## [Work order]
Could you restate, exactly and with nothing added, the lines from the start of the data through the line that holds "18x24 Garage Plans, 1", leaving the pictures out?

(Data supplied)

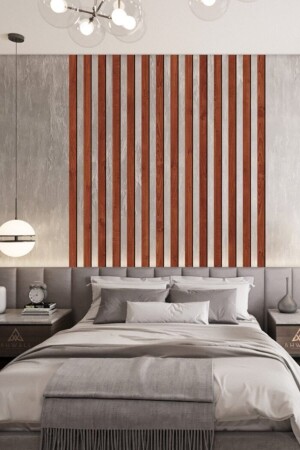 Dekorasyon Ahşap Şerit Duvar Panelleri Duvar Çıtası Iskandinav Ceviz Kahverengi (5 ADET) - Evdeucuz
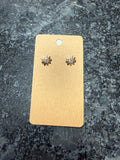 Gold Diamond Flower Stud Earrings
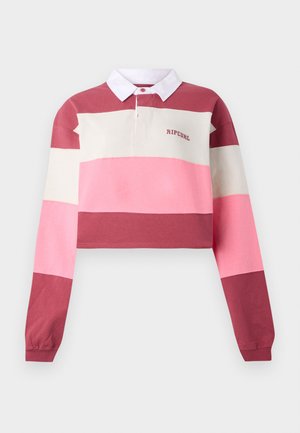 Langarm polo shirt met een cropped ontwerp, voorzien van horizontale strepen in rood, roze en crème. Witte kraag met geborduurd logo.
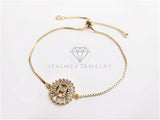 Pulsera Ajustable - 102638 - Diseño de Inicial "M" CZ Clara Oro Laminado 18K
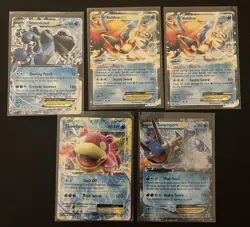 Pokemon Blue Card Lot (5) Cards: Pokemon EX, XY Era Pokemon Cards - Image 1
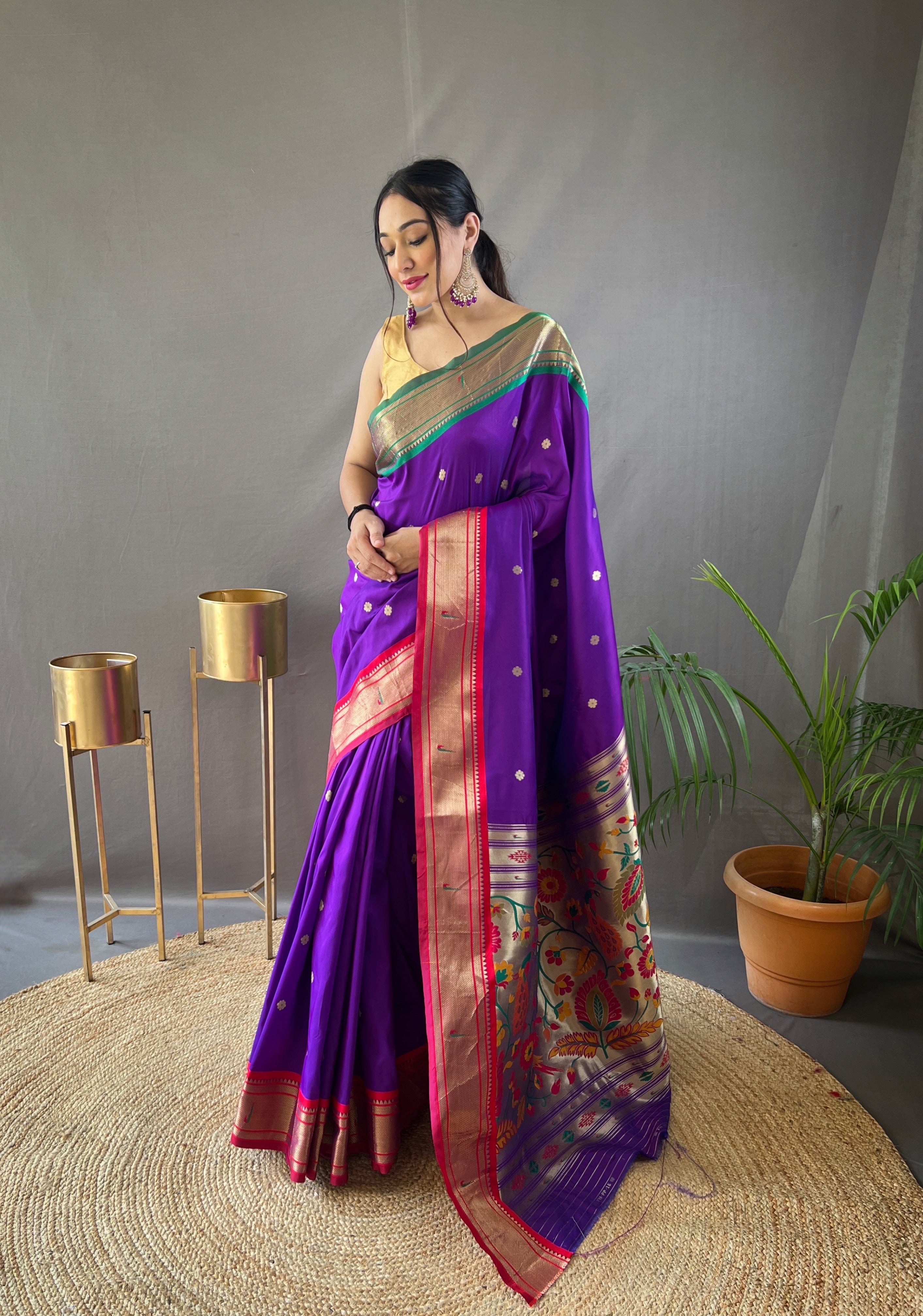 Purple Paithani Silk Woven Saree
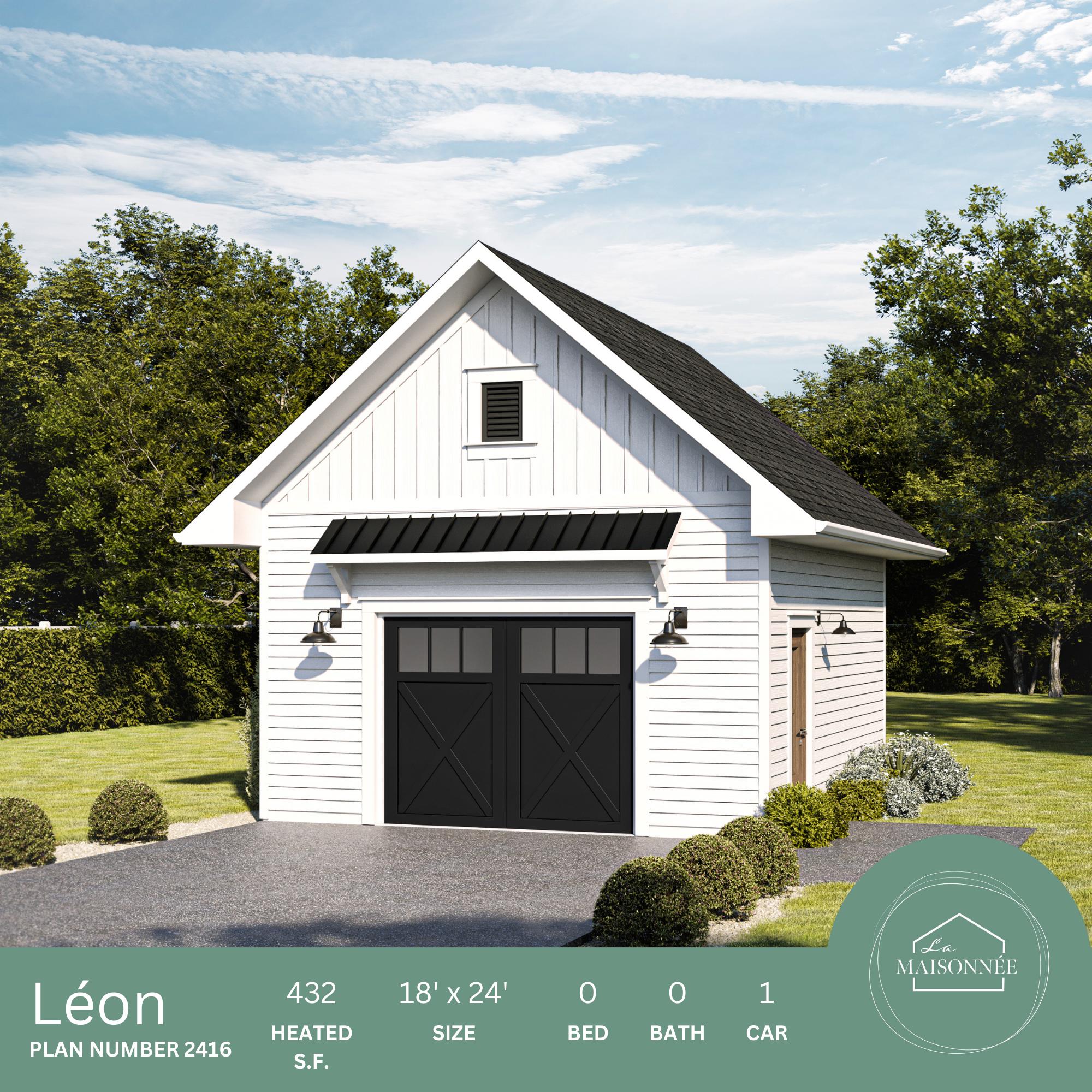 18x24 Garage Plans, 1 Car Detached Garage, Modern Farmhouse Design, Shed Blueprint, Instant PDF Download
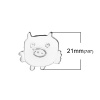 Picture of Brass Kids Art Doodles Children Drawing Jewelry Charms Pig Animal Silver Tone Wing 21mm( 7/8") x 20mm( 6/8"), 1 Piece                                                                                                                                         
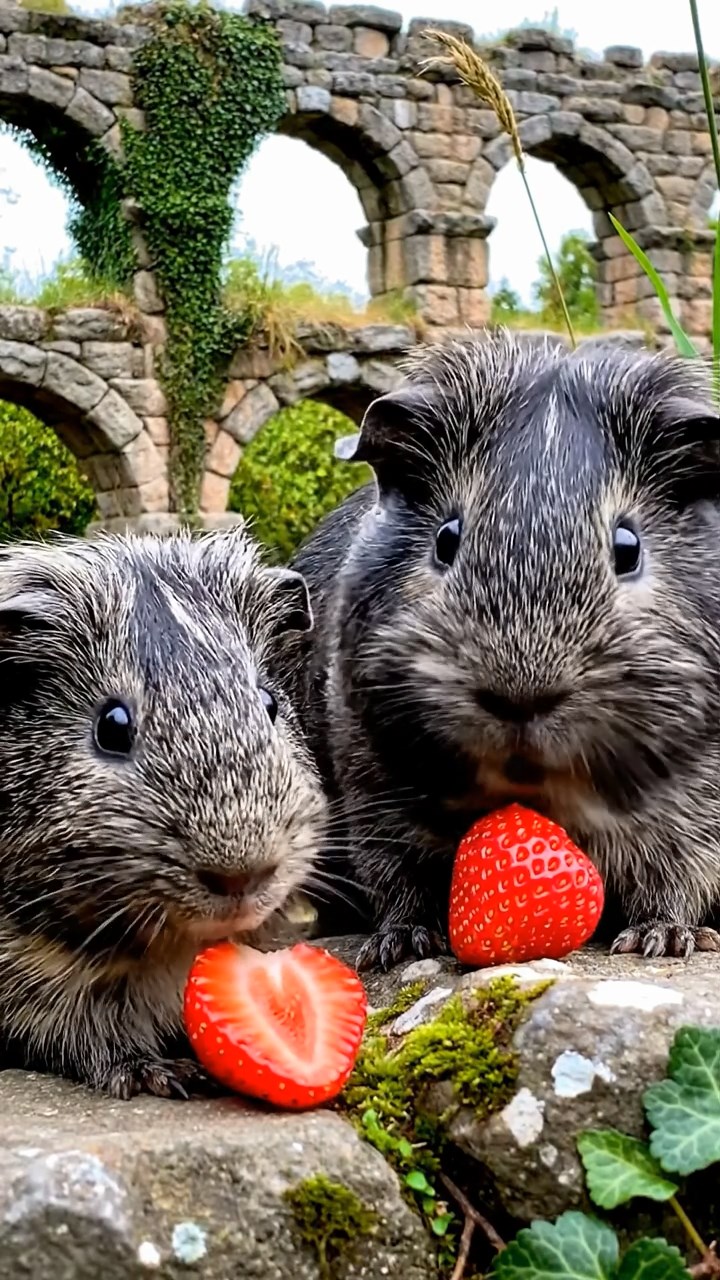 2106. Photorealistic view of 2 smooth haired Texel guinea pigs with gray and black fur. enjoying strawberry halves. amid crumbling Roman aqueduct ruins with ivy and wild grasses.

(End Data supplied)

## [Result of the exercise]
 Dekorasyon Ahşap Şerit Duvar Panelleri Duvar Çıtası Iskandinav Ceviz Kahverengi (5 ADET) - Evdeucuz
 Gold Diamond Flower Stud Earrings
 Langarm polo shirt met een cropped ontwerp, voorzien van horizontale strepen in rood, roze en crème. Witte kraag met geborduurd logo.
 Pulsera Ajustable - 102638 - Diseño de Inicial "M" CZ Clara Oro Laminado 18K
 Pokemon Blue Card Lot (5) Cards: Pokemon EX, XY Era Pokemon Cards - Image 1
 Purple Paithani Silk Woven Saree
 18x24 Garage Plans, 1 Car Detached Garage, Modern Farmhouse Design, Shed Blueprint, Instant PDF Download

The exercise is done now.